3. Der Eigentümermehrheitsbeschluss sei auch nicht nichtig im Sinne einer Sittenwidrigkeit ( § 138 Abs. 1 BGB). Dies folge schon daraus, dass es Wohnungseigentümern nicht verboten sei, im Wege einer Vereinbarung eine Gebrauchsbeschränkung in Form eines generellen Hundehaltungsverbotes aufzustellen. lm Regelfall gingen von einer Hundehaltung auch Beeinträchtigungen der übrigen Eigentümer aus (Verschmutzung der Gemeinschaftsanlagen, Lärmbelästigung), sodass selbst ein generelles Hundehaltungsverbot damit weder willkürlich noch sachlich völlig unbegründet sei, zumal sich Beeinträchtigungen nie ausschließen lassen könnten.

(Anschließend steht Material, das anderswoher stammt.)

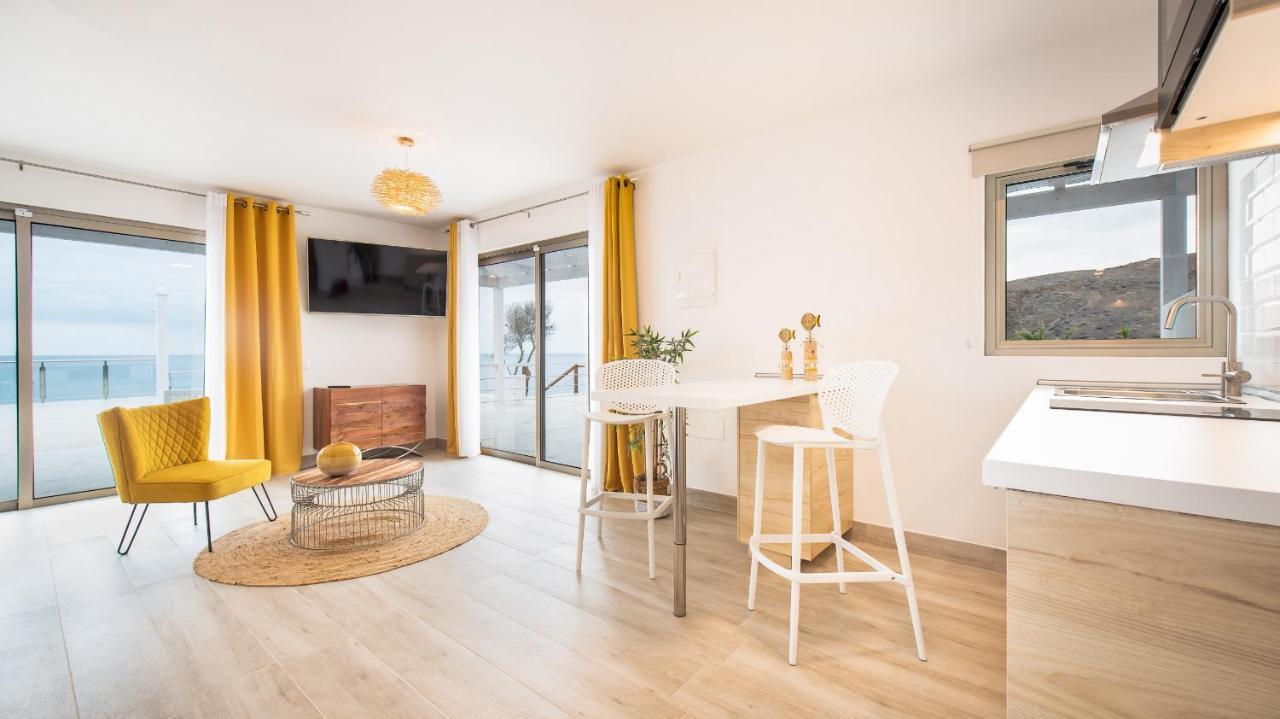 Etti - Paradise Suite La Gaviota Pájara Kültér fotó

Würde man hier auf konkrete Belästigungen abstellen müssen, stieße die Überwachung auch stets auf erhebliche praktische Schwierigkeiten und gebe Anlass zu Streitigkeiten, die den Hausfrieden störten. Ein generelles Hundehaltungsverbot verstoße deshalb weder in einer Vereinbarung noch in einem sie ersetzenden bestandkräftigen Beschluss das Anstandsgefühl aller billig und gerecht Denkenden.
4. I. Ü. könne auch in einem Mietvertrag nach herrschender Rechtsmeinung individualvertraglich die Hundehaltung ganz ausgeschlossen werden, was sogar als verfassungsrechtlich unbedenklich bestätigt wurde (BVerfG, WuM 81, 77). Im Einzelfall könne allerdings die Durchsetzung eines solchen Verbotes gegen Grundsätze von Treu und Glauben verstoßen und unzulässig sein (z.B. bei einem dringend benötigten Blindenhund).

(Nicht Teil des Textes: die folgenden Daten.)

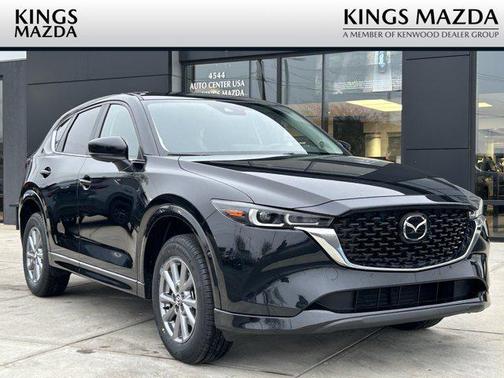 2025 Mazda CX-5 2.5 S Select Package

Betroffene Eigentümer müssen auch für ein entsprechendes Verhalten ihrer Mietpartei sorgen, wobei ihnen die entsprechenden Durchsetzungsmaßnahmen selbst überlassen bleiben und nicht vorgeschrieben werden können (ähnlich der Rechtslage bei anderen Abwehrklagen wegen Eigentumsstörung nach § 1004 Abs. 1 BGB). Eine etwa mietvertragliche Bindung ändert am wohnungseigentumsrechtlichen Erkenntnisverfahren über Rechte und Pflichten der Wohnungseigentümer untereinander nichts. Auch von einer Leistungsunmöglichkeit kann vorliegend keine Rede sein. Vermietende Eigentümer müssten daher alles in ihrer (rechtlichen) Macht stehende unternehmen, solche Verbote auch bei Mietern durchzusetzen. Diese Fragen bleiben dem Vollstreckungsverfahren vorbehalten (h.R.M.).
Auch außergerichtliche Kostenerstattung der unterlegenen Antragsgegnerseite im Rechtsmittelverfahren bei Geschäftswertansatz von 5.000 DM.